[Analytics] Trump’s battle with the American military is a fight he’s likely to lose

This Reuters file photo shows U.S. President Donald Trump. (Yonhap). Sketched by the Pan Pacific Agency.

WASHINGTON D.C., Sep 13, 2020, The Guardian. The row over Donald Trump’s reported denigration of US soldiers killed fighting for their country as “suckers” and “losers” illuminates a bigger truth about his time as commander-in-chief: he has repeatedly disparaged America’s military leadership and exploited its armed forces for selfish political purposes, at home and abroad.
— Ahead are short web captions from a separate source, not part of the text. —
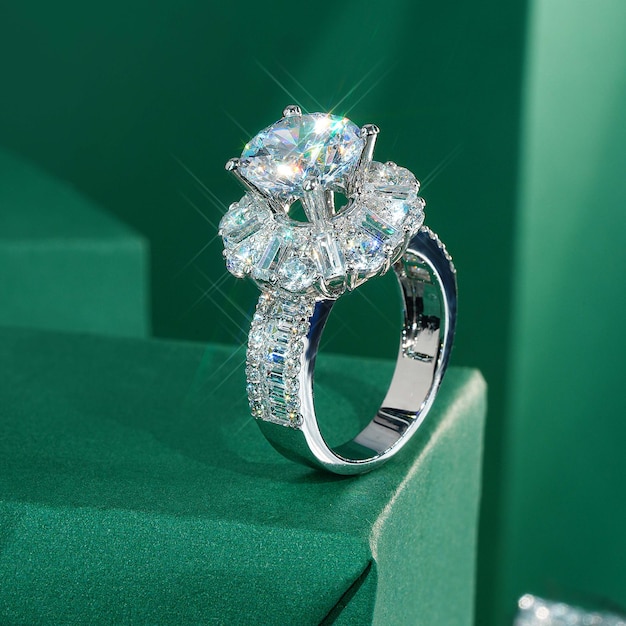 Luxury diamond ring in focus on paper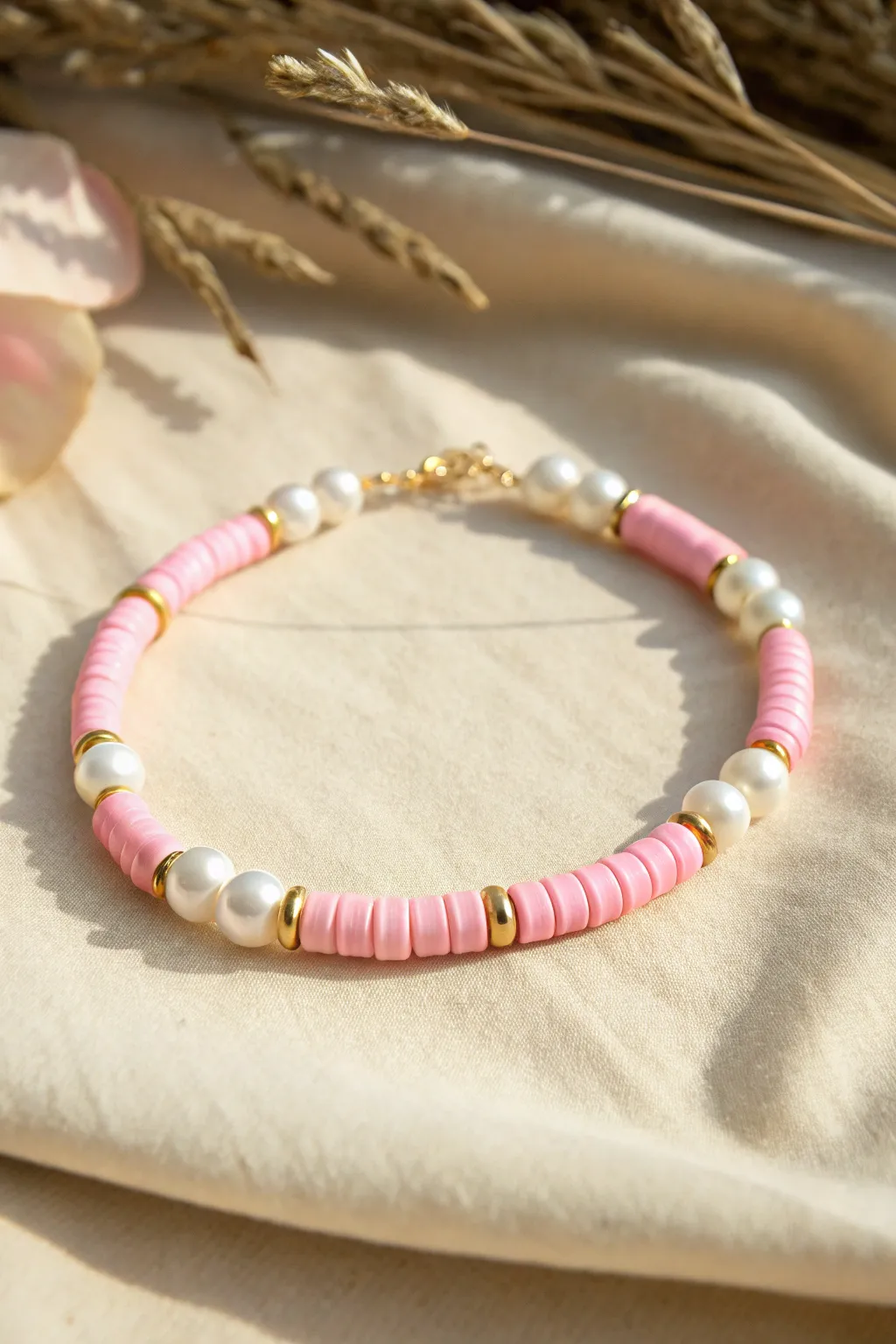 Pink heishi and pearl bracelet with tiny gold spacers for a clean, preppy finish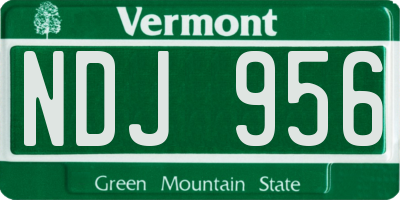VT license plate NDJ956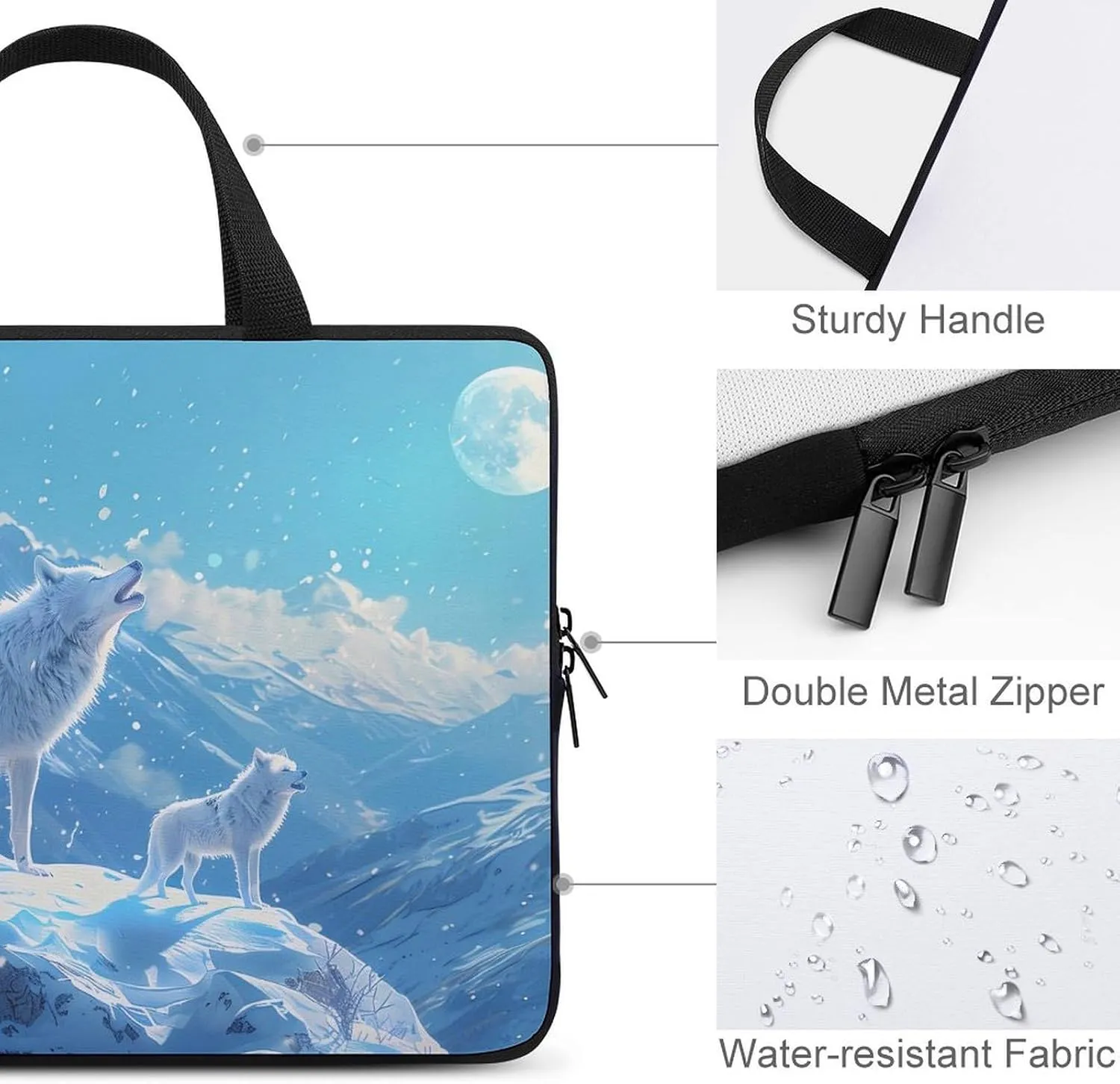 Family Wolf Roar Funny Laptop Bags Novelty Protective Cover Case Handbags for Laptop/Notebook/Ultrabook 10/12/13/15/17 Inches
His alleged foul-mouthed contempt for the sacrifices and safety of rank-and-file servicemen and women, and the generals who lead them, matches his breach of faith with military allies around the world, The Guardian reported.

Little better illustrates Trump’s reckless attitude than his response to Iran’s missile strike on a US base in Iraq in January. The attack was in retaliation for his provocative assassination of the Iranian general, Qassem Suleimani.

Panicked that he may have triggered a full-scale war, Trump played down the resulting injuries to US personnel, claiming a handful had “headaches and a couple of other things”. In reality, more than 100 troops suffered traumatic brain injuries – a disaster Trump has never fully acknowledged.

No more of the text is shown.